■ Work required ■
Begin the copy at the line containing "Canto do Forte Apartment" in the data below and end it at the line containing "daihatsu terios-kid 2009", keeping each line exact and leaving out pictures.

■ The data ■
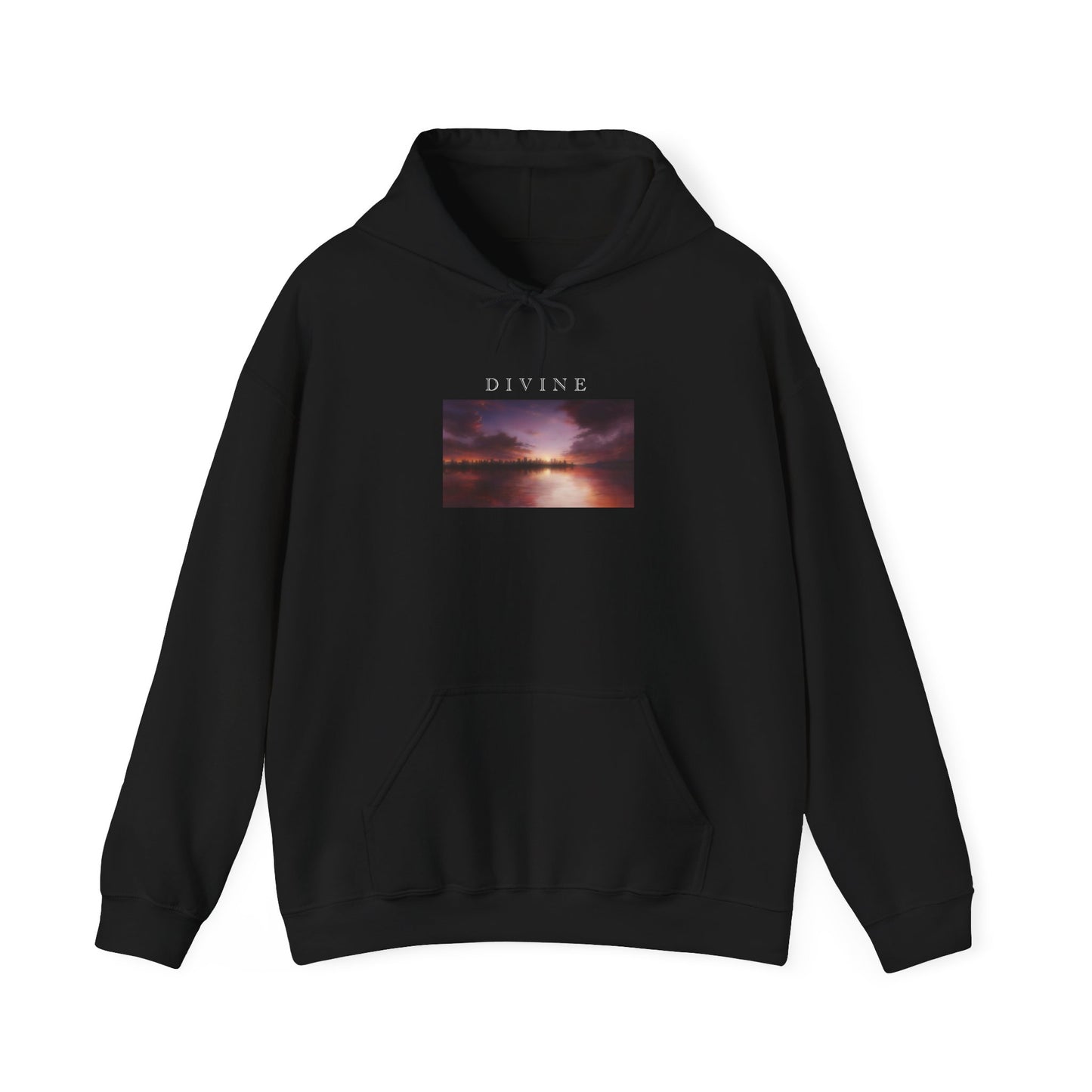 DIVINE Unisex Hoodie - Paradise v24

---

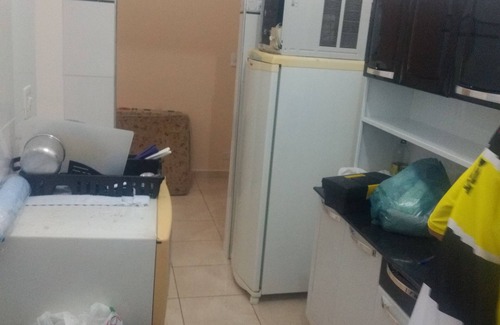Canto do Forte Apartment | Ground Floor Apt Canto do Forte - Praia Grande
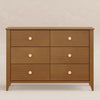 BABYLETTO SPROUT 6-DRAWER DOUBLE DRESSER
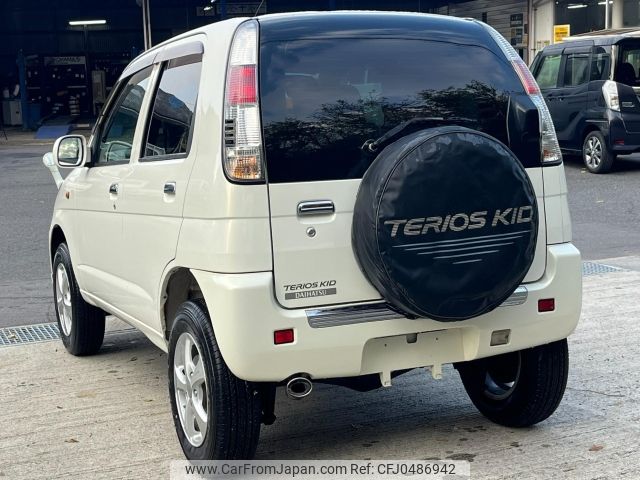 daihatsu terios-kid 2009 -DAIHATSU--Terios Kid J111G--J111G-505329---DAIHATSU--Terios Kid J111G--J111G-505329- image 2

■ Exercise output ■
Canto do Forte Apartment | Ground Floor Apt Canto do Forte - Praia Grande
 BABYLETTO SPROUT 6-DRAWER DOUBLE DRESSER
 daihatsu terios-kid 2009 -DAIHATSU--Terios Kid J111G--J111G-505329---DAIHATSU--Terios Kid J111G--J111G-505329- image 2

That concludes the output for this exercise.